Andrew Lowdon, Director of Agency Services at ISBA states "we believe it is more than a new version, it is a seminal change in approach and delivers greatly improved clarity and transparency as well as a more complete understanding of the industry." 

As with previous iterations of the framework agreement for media buying, this has not been drafted in collaboration with the IPA, the professional body for advertising and marketing agencies. However, in creating this new framework agreement, many opinions have been canvassed from advertisers, agencies, auditors and intermediaries. 

A few of the changes: 

  • More robust clauses on the use of inventory media and provisions on barter have been included. The default is that inventory media is still prohibited unless expressly agreed by the advertiser. Where the advertiser does agree to its use, there are a number of requirements that the agency must adhere to (including making it visible as inventory media).  
  • Further tightening of the restrictions on agency group companies driving non-transparent practices. This includes a template schedule for personal declarations from the CFO/GC and media holding group company on transparency.  
  • Brand safety and viewability standards have been moved to a schedule and rebranded as 'Online Service Standards'. (We're both very pleased about this - we never fully understood why it was included within the main body of the template!) 
  • Agency confidentiality in the context of auditing has been strengthened in favour of the agency. There is now a definition of 'Agency Excluded Confidential Information' which includes agency's P&L information, information naming other clients, payroll information or anything else designated in the agreement as such. There is also an express acknowledgement that agency information must not be used for any other purpose except the proper conduct of the audit. We wait to see whether that may cause issues for auditors (and whether they will feel this prevents them pooling aggregated data to an unreasonably extent).  

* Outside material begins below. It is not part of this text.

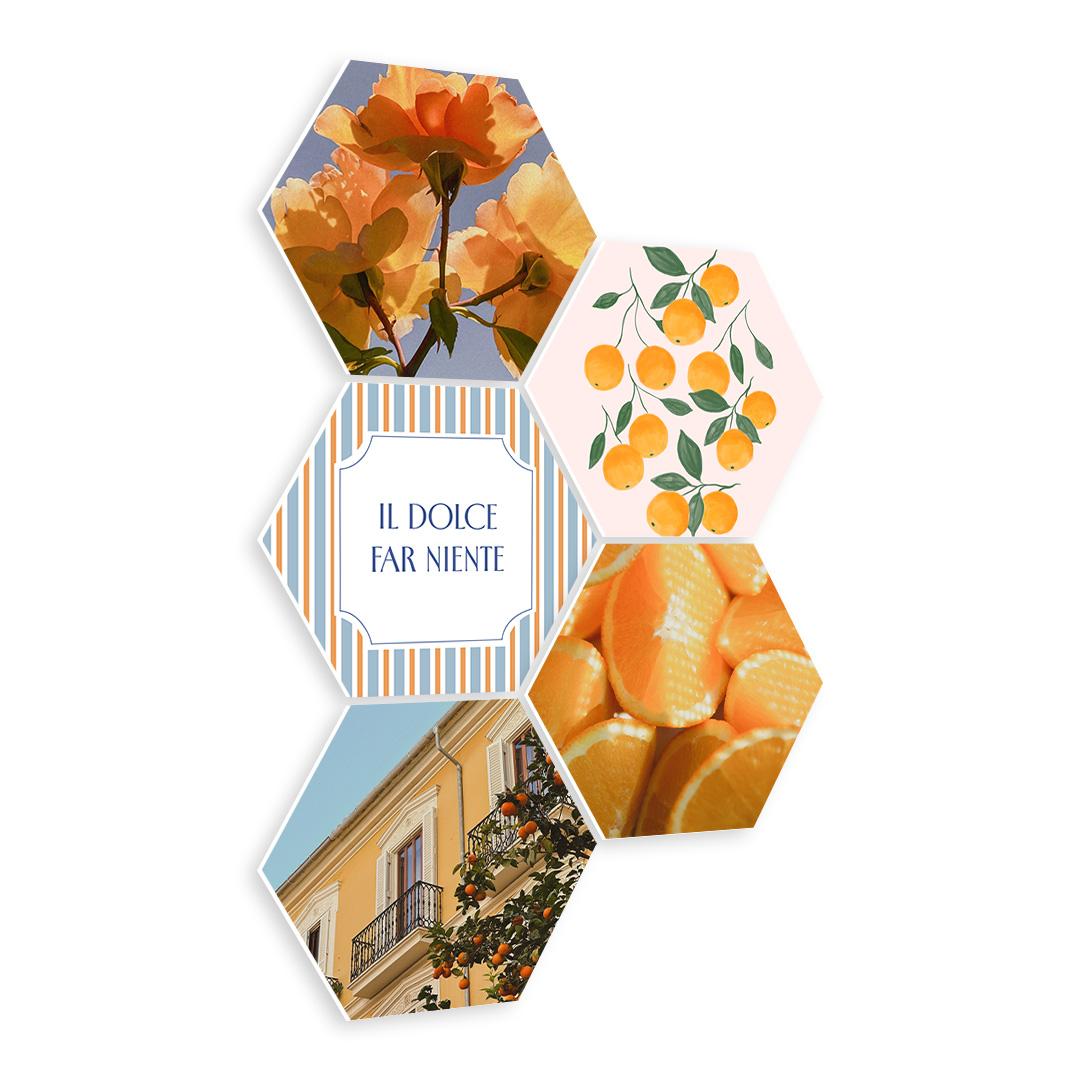 Orange Blossom Dolce Niente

Notably what is missing is any clauses on data protection: instead there is a data processing schedule left enticingly blank. We don't blame ISBA given the lack of consensus in this area!  But it will inevitably mean a lot of additional work for both advertisers and agencies to negotiate.  

This is also very much a UK template, so you will not find any local implementation agreements or clauses dealing with how this could work as a global framework with local affiliates and local agreements.

The ISBA media templates have proved very popular with advertisers in the past few years since the first version was adopted. We look forward to seeing how this will be embraced and negotiated.